What needs to be done >> Would you retype the listing word for word, skipping its pictures?

──────── Exercise data

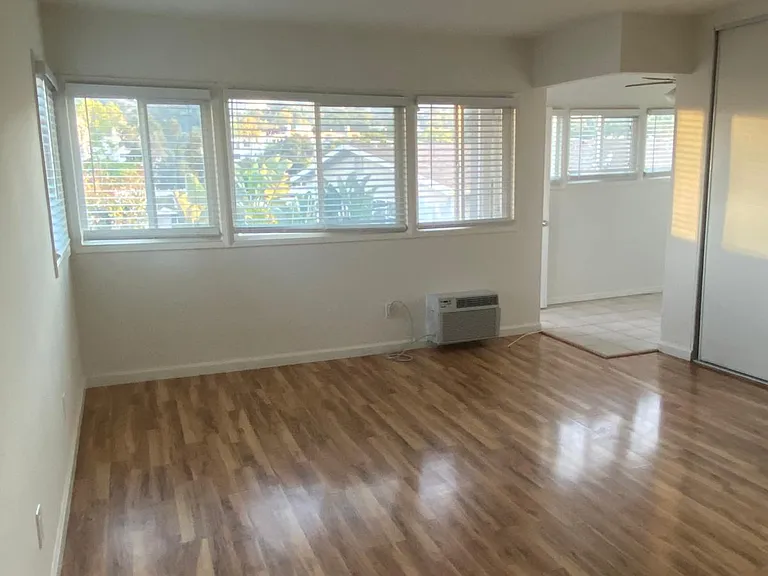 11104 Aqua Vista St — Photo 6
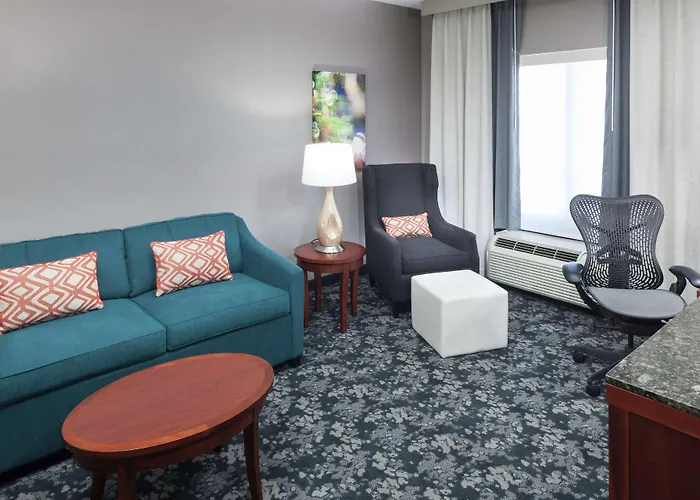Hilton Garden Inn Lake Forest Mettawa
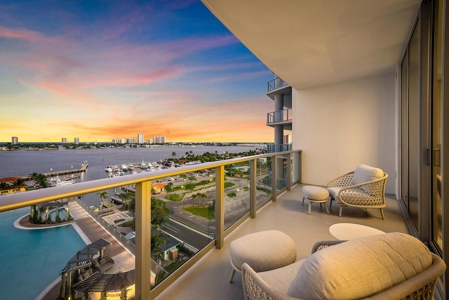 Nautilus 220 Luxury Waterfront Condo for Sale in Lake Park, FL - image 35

────────────────

Task response >>
 11104 Aqua Vista St — Photo 6
Hilton Garden Inn Lake Forest Mettawa
 Nautilus 220 Luxury Waterfront Condo for Sale in Lake Park, FL - image 35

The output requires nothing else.